Reputation: 105
it was a working set up and no manual changes were made.
when we are trying to deploy application on aks; it fails to pull an image from the acr.
as per kubectl describe po output:
Failed to pull image "xyz.azurecr.io/xyz:-beta-68": [rpc error: code = Unknown desc = Error response from daemon: Get https://xyz.azurecr.io/v2/: dial tcp: lookup rxyz.azurecr.io on [::1]:53: read udp [::1]:46256->[::1]:53: read: connection refused, rpc error: code = Unknown desc = Error response from daemon: Get https://xyz.azurecr.io/v2/: dial tcp: lookup xyz.azurecr.io on [::1]:53: read udp [::1]:46112->[::1]:53: read: connection refused, rpc error: code = Unknown desc = Error response from daemon: Get https://xyz.azurecr.io/v2/: dial tcp: lookup xyz.azurecr.io on [::1]:53: read udp [::1]:36677->[::1]:53: read: connection refused]
while troubleshooting i realised, few nodes has the dns entry in /etc/resolv.conf where image pull is working fine without issue and few node doesn't have the dns entry in /etc/resolv.conf where the image pull fails.
and if i manually add dns entry to /etc/resolv.conf on the nodes that doesn't have the entry; the changes are reverted to the initial state withing few minutes.
is there a procedure to edit /etc/resolv.conf or fix image pull issues.?
Upvotes: 9
Views: 2047
Reputation: 1
Restarting the nodes solved the acr pull problem https://learn.microsoft.com/en-us/azure/virtual-machine-scale-sets/virtual-machine-scale-sets-manage-cli#restart-vms-in-a-scale-set
Upvotes: 0
Reputation: 21
There is a bug in ubuntu that impacts AKS (global).
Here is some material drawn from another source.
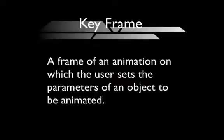So just as a final recap, a keyframe is a frame of an animation on which the user sets the parameters of an object to be animated.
You can follow the link below to see the status. https://status.azure.com/en-us/status In addition, there is a thread here you can follow the suggestions to overcome this issue. https://learn.microsoft.com/en-us/answers/questions/987231/error-connecting-aks-with-acr.html
Upvotes: 2
Reputation: 21
restart the cluster it will fix the problem ubuntu team have made some DNS issue so this problem started.
Upvotes: 1